Post-operative analgesia is of vital importance to prevent various undesirable side effects such as respiratory complications, venous thromboembolism, and increased hospital stay.[1] Consequential pain and discomfort are expected after caesarean section (CS); hence, the analgesic regimen should assure efficient and safe anodynia.[2] Commonly, opioids are used for post-caesarean pain relief.

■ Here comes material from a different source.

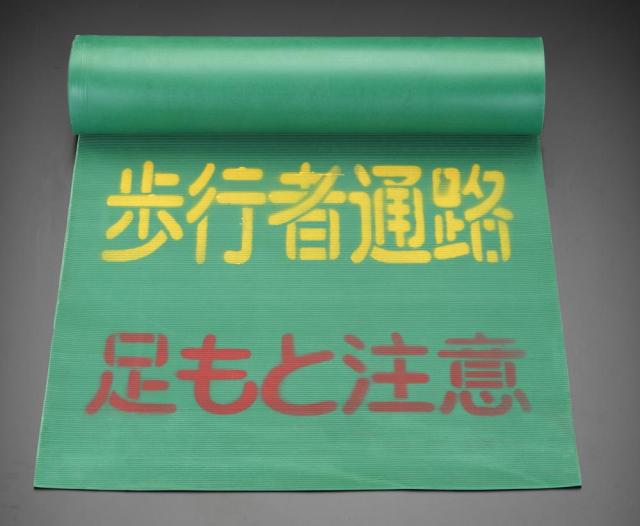 エスコ ESCO 0.6x3.6m お拾い者突き動かすつや消し お拾い者通った跡 EA983DC-1 WO店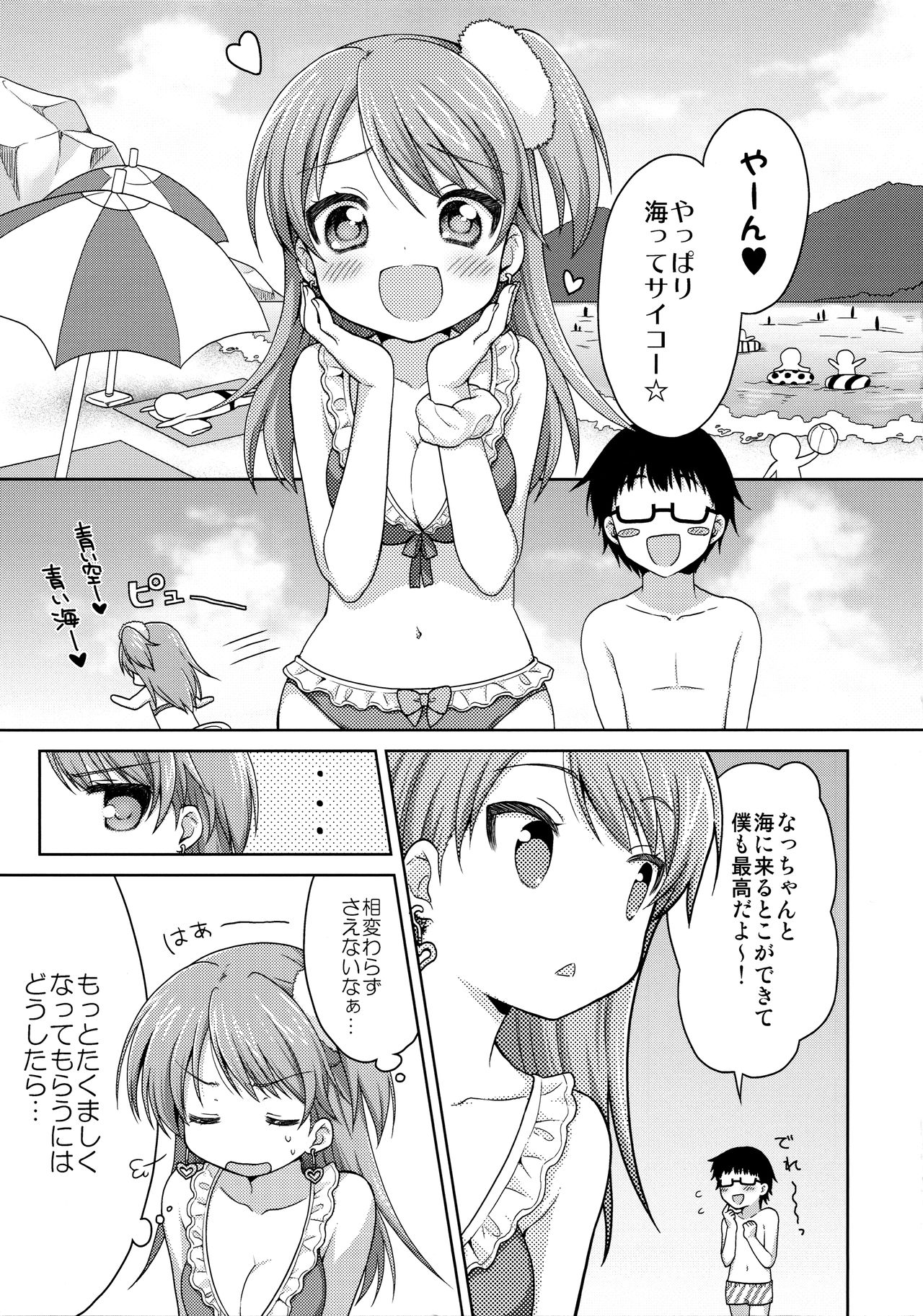 CRUSH JELLY page 4 full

While dose-dependent respiratory depression is the most discomforting side effect, other insignificant side effects such as pruritus, itching, gastrointestinal upset and urinary retention can be vexing during the initial puerperium.

The transversus abdominis plane (TAP) block has been used for post-operative pain relief in various abdominal surgeries as part of the multimodal analgesic approach.[3],[4] It creates satisfactory somatic analgesia with insignificant or no visceral blockade.[5]

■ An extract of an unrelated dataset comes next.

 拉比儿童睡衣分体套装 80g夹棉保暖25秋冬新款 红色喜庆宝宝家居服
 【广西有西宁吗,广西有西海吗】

Quadratus lumborum (QL) block, first reported in 2007 by Blanco, is a posterior abdominal wall block which permits spread of local anaesthetic agent behind the quadratus lumborum muscle into a triangular space known as a lumbar interfascial triangle which lies beside the middle layer of the thoracolumbar fascia.[6],[7] This interfascial plane is in adjoining proximity with numerous sympathetic fibres and conjoin with the thoracic paravertebral space, thus preceding to a long-standing block with the capability to provide visceral analgesia.[8] Various case reports are there showing effective post-operative analgesic profile of QL block.[4],[9],[10],[11],[12]

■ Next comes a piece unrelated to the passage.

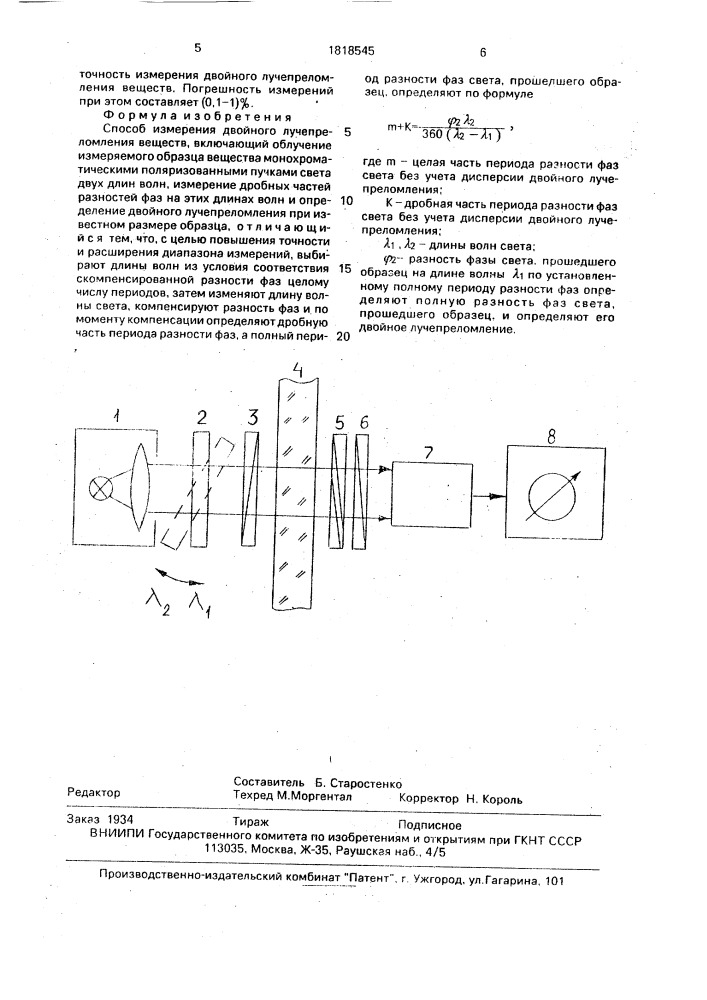 Способ измерения двойного лучепреломления веществ (патент 1818545)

Therefore, we conducted a randomised, prospective study to compare the post-operative analgesic efficacy of QL block and TAP block in patients undergoing elective CS under spinal anaesthesia with primary aim to compare the time for rescue analgesic requirement and secondary aim to compare the total number of analgesic dose required and visual analogue scale (VAS) score for up to 72 hours post-CS.


Ethical approval for this study was provided by the Institutional Ethics Committee at Mahatma Gandhi Medical College and Hospital (Jaipur, Rajasthan; reference number MGMCH/IEC/JPR/2018/11). The study was registered with the Clinical Trials Registry- India (Registration No.: CTRI/2018/11/016420).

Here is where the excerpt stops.